О том, что кроется за этой вереницей названий и дат, не известно ничего, кроме двух чудом сохранившихся эпизодов.
Незадолго до ареста маленький лысый человечек (хотя наверняка он не всегда был таким) женился на красавице. Ее арестовали одновременно с ним и на допросах сильно били. Она была беременна, случился выкидыш. С мужем им суждено было увидеться лишь однажды, на короткий миг при отправке на этап. В лагере она умерла – или ее убили. Изощренность садизма, которым веет от этой истории, позволяет безошибочно датировать ее концом 30-x годов.

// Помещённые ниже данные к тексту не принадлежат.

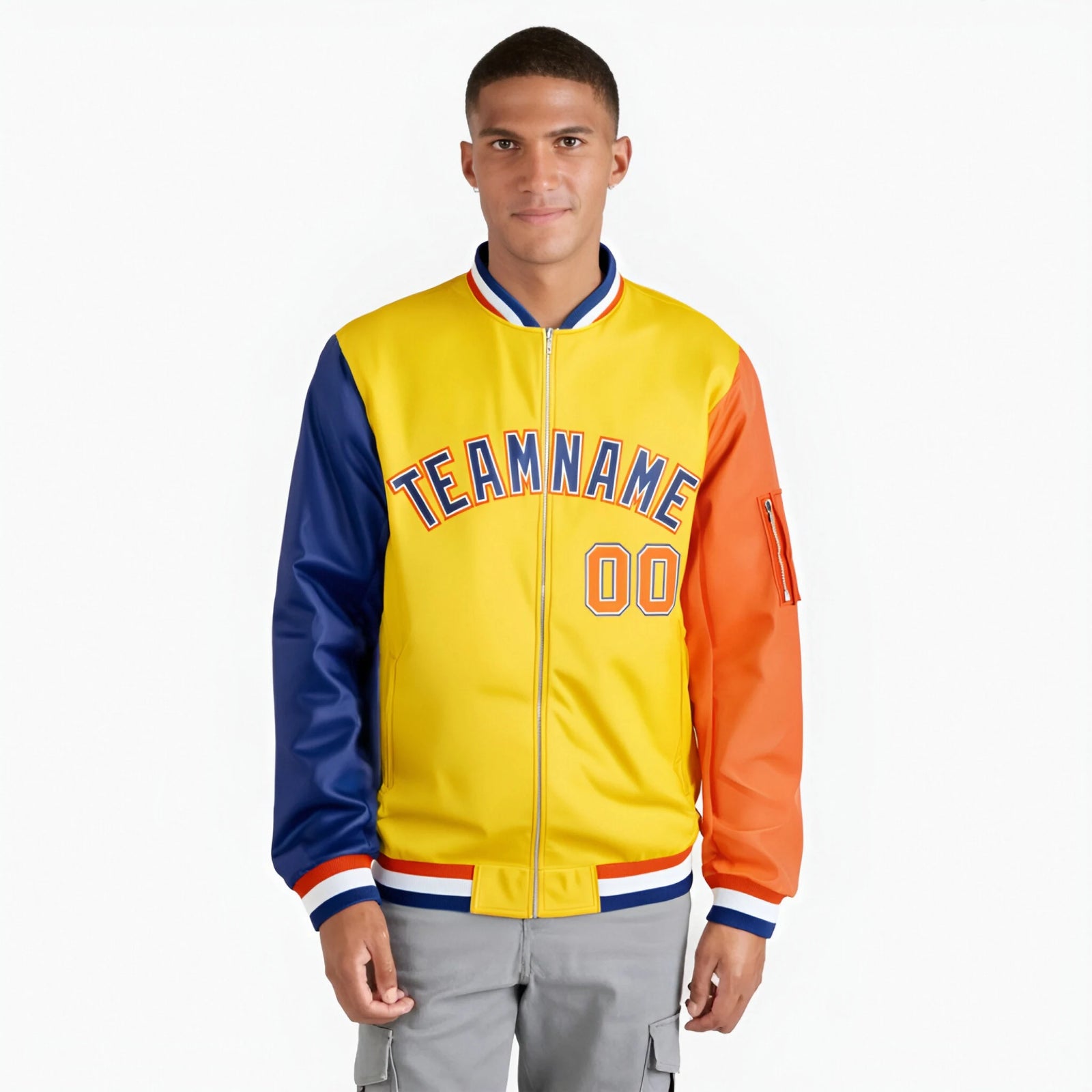 Custom Gold Orange-Royal Blue Varsity Full-Zip Raglan Sleeves Letterman Bomber Jacket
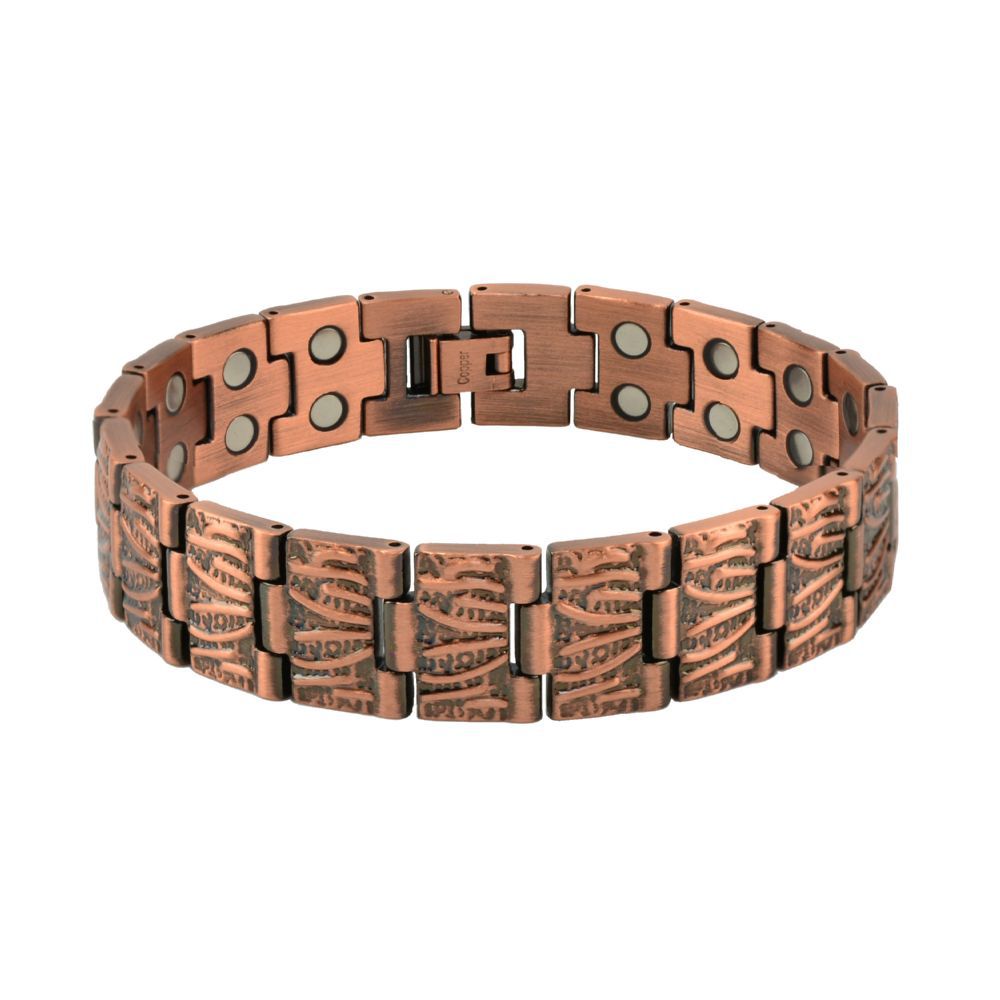 Woying New Design Double Row Bio Magnetic Therapy Energy Bracelet Red Copper Magnet Watch Strap Bracelet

Датировать второй эпизод тоже не трудно: на этот раз дело происходит в 40-х годах. Семена Михайловича арестовали уже в лагере (такие аресты особенно широко практиковались в начале и в конце войны, их целью было гарантировать постоянную численность лагерного населения и, соответственно, бесплатной рабочей силы), скорее всего по доносу – другого зэка, вольнонаемного или кого-то из лагерной обслуги – за неосторожно сказанное слово или из зависти, из чувства мести. Следствие проходило «не отходя от кассы», прямо в лагере. По ходу допросов феноменальная память обвиняемого и его опыт юриста позволили ему обнаружить неувязку в показаниях, зацепку, дающую возможность доказать, что в момент совершения инкриминированного ему «преступления» он находился в другом месте. Это было спасительное алиби! Но он понимал, что скажи он об этом следователю, тому ничего не стоило бы уничтожить неудобную бумажку, сфабриковать новую, и строптивого зэка пустили бы «в расход» – тогда как, если дождаться суда, а потом обжаловать приговор (дело пахло высшей мерой), мог появиться шанс на спасение, поскольку советская юриспруденция представляла собой шизофреническое сочетание предельного произвола с предельным же буквоедством. И он принял решение ждать. Наверное, это стало самым долгим ожиданием за всю его жизнь – и самым мучительным. Потом он предстал перед судом, на котором тоже ничего не сказал и который, как и следовало ожидать, приговорил его к смертной казни; его поместили в камеру смертников – и только тогда, составляя апелляцию, он привел спасительное обстоятельство, позволявшее аннулировать приговор. И приговор аннулировали – что, впрочем, не помешало оставить его в лагере для досиживания десятки. По истечении срока его наконец выпустили. На дворе стоял уже 1954 год, и когда зубастое государство, хорошенько прожевав, выплюнуло наконец свою беззубую жертву, жертва эта как раз достигла пенсионного возраста – пора было уходить на покой.